[Short web captions]
★ ★ ★ ★

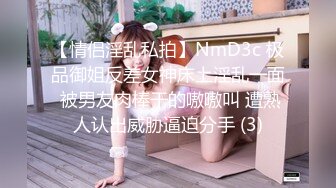 【情侣淫乱私拍】NmD3c 极品御姐反差女神床上淫乱一面 被男友肉棒干的嗷嗷叫 遭熟人认出威胁逼迫分手 (3)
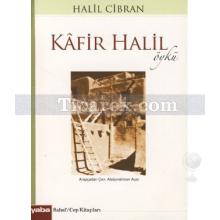 Kafir Halil | Halil Cibran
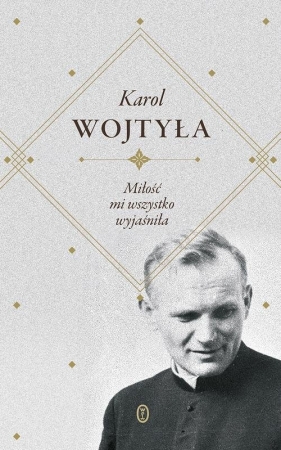 Miłość mi wszystko wyjaśniła - Wojtyła Karol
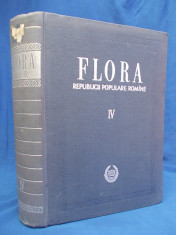 TRAIAN SAVULESCU - FLORA R.P.R. * VOL.IV - ACADEMIA ROMANA - 1956 - 3.700 EX. foto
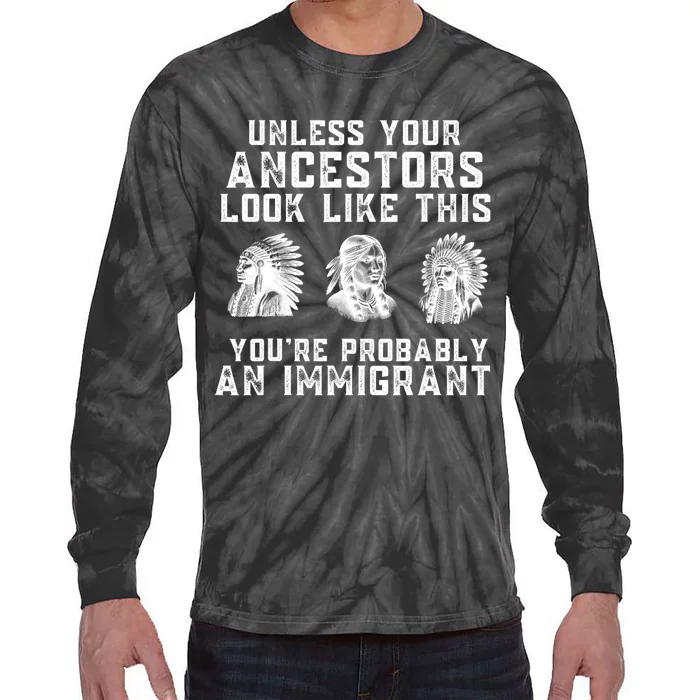 Your Ancestors Look Like This YouRe Probably An Immigrant Tie-Dye Long Sleeve Shirt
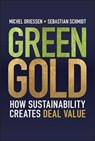 Green Gold - Michel Driessen ; Sebastian Schmidt - 9781394355945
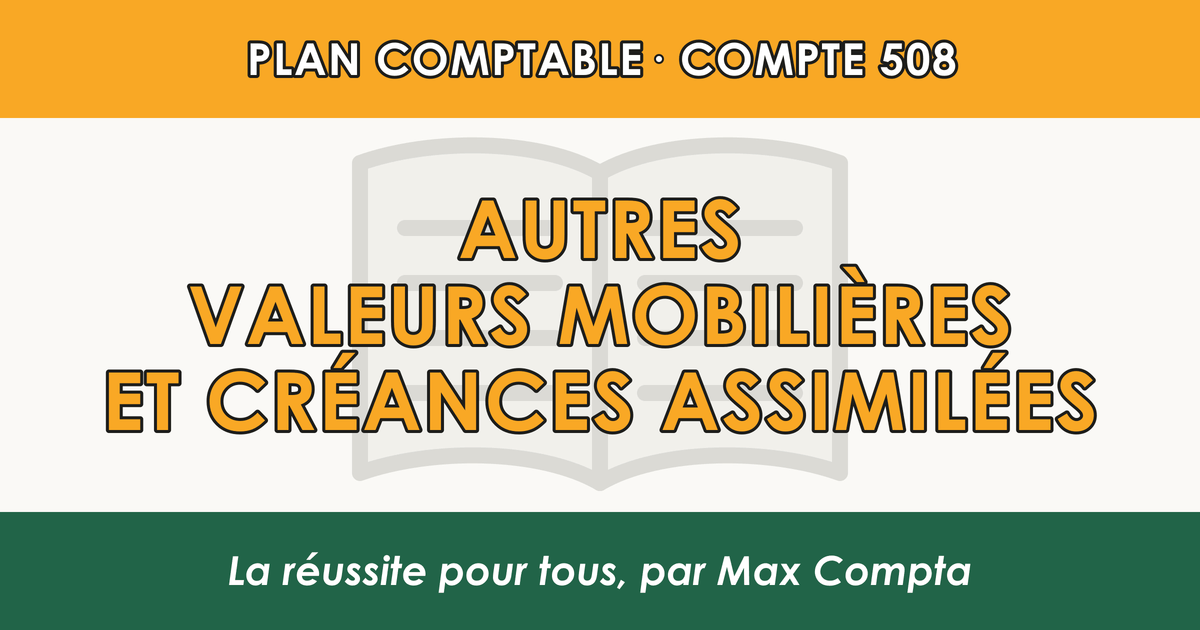 Compte 508 Autres valeurs mobilieres et creances assimilees - PCG classe 5 comptes financiers - écriture comptable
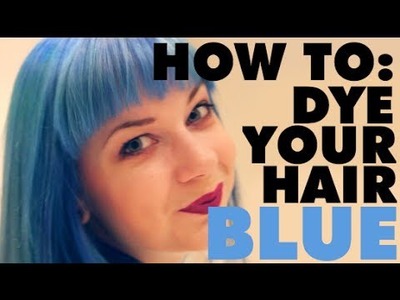 DIY: How To Dye Your Hair Blue at Home | The London Lipgloss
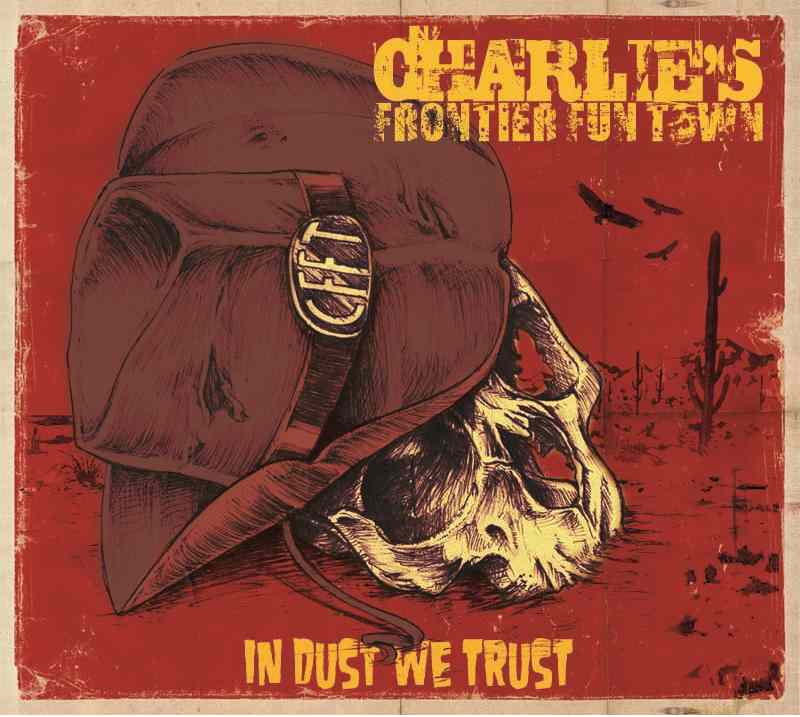 Charlie's Frontier Fun Town - In Dust We Trust (2017) Album Info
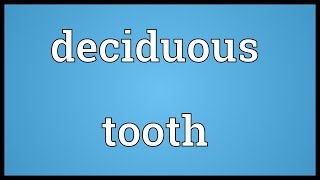 Deciduous tooth Meaning [upl. by Gracie]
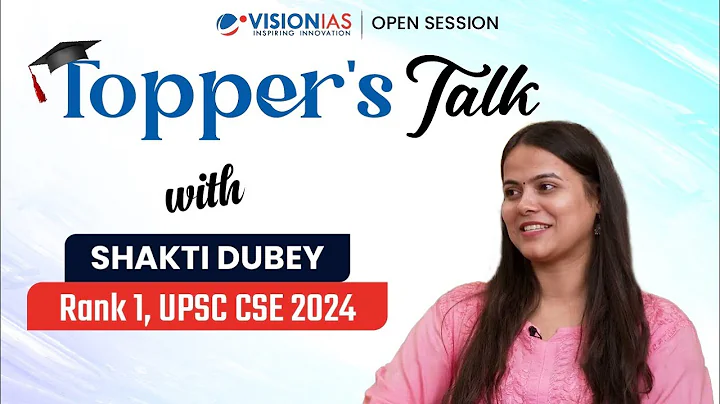 Topper’s Talk | Shakti Dubey | AIR 1 | UPSC CSE 2024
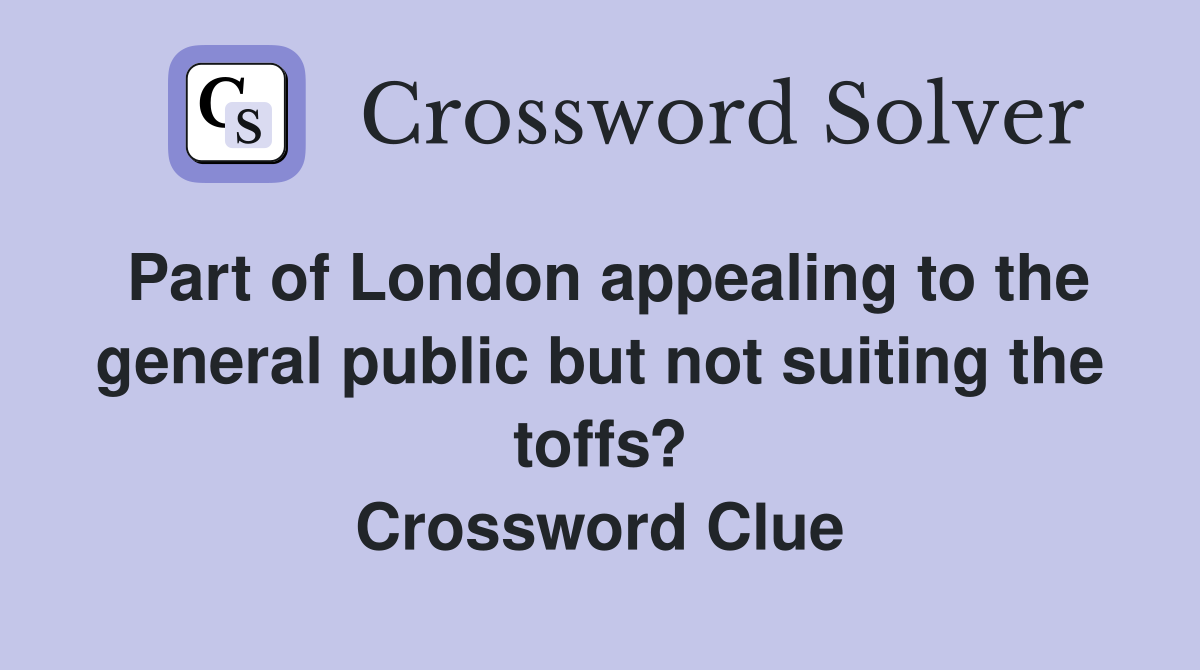 Part of London appealing to the general public but not suiting the toffs? Crossword Clue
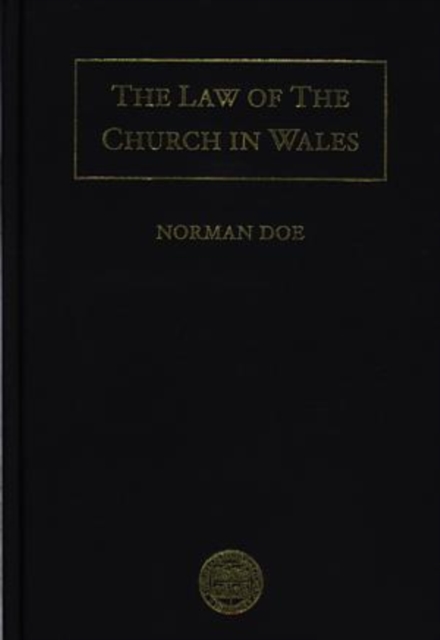 The Law of the Church in Wales, Hardback Book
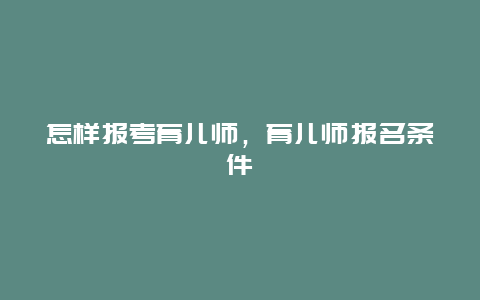 怎样报考育儿师，育儿师报名条件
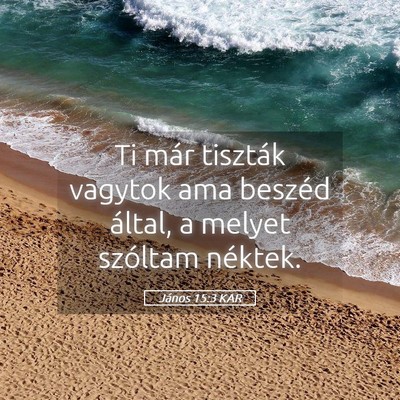 Picture 05 - János 15:3 KAR - Ti már tiszták vagytok ama beszéd által, a - Bible Verse Picture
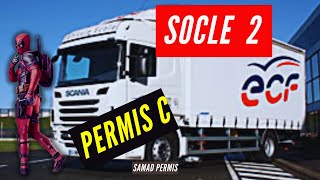 PERMIS C  SOCLE 2 [upl. by Stillas]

★ ★ ★ ★

### Work required
What is needed is an exact transcription of the lines from the one containing "TRAIAN SAVULESCU - FLORA" through the last line of the records above, both included, with no pictures.

### Response box
 TRAIAN SAVULESCU - FLORA R.P.R. * VOL.IV - ACADEMIA ROMANA - 1956 - 3.700 EX. foto
 Your Ancestors Look Like This YouRe Probably An Immigrant Tie-Dye Long Sleeve Shirt
 Green Gold - Michel Driessen ; Sebastian Schmidt - 9781394355945
 Compte 508 Autres valeurs mobilieres et creances assimilees - PCG classe 5 comptes financiers - écriture comptable
 DIY: How To Dye Your Hair Blue at Home | The London Lipgloss
 Charlie's Frontier Fun Town - In Dust We Trust (2017) Album Info
 Deciduous tooth Meaning [upl. by Gracie]
 Topper’s Talk | Shakti Dubey | AIR 1 | UPSC CSE 2024
 Part of London appealing to the general public but not suiting the toffs? Crossword Clue
 The Law of the Church in Wales, Hardback Book
 怎样报考育儿师，育儿师报名条件
 Picture 05 - János 15:3 KAR - Ti már tiszták vagytok ama beszéd által, a - Bible Verse Picture
 PERMIS C  SOCLE 2 [upl. by Stillas]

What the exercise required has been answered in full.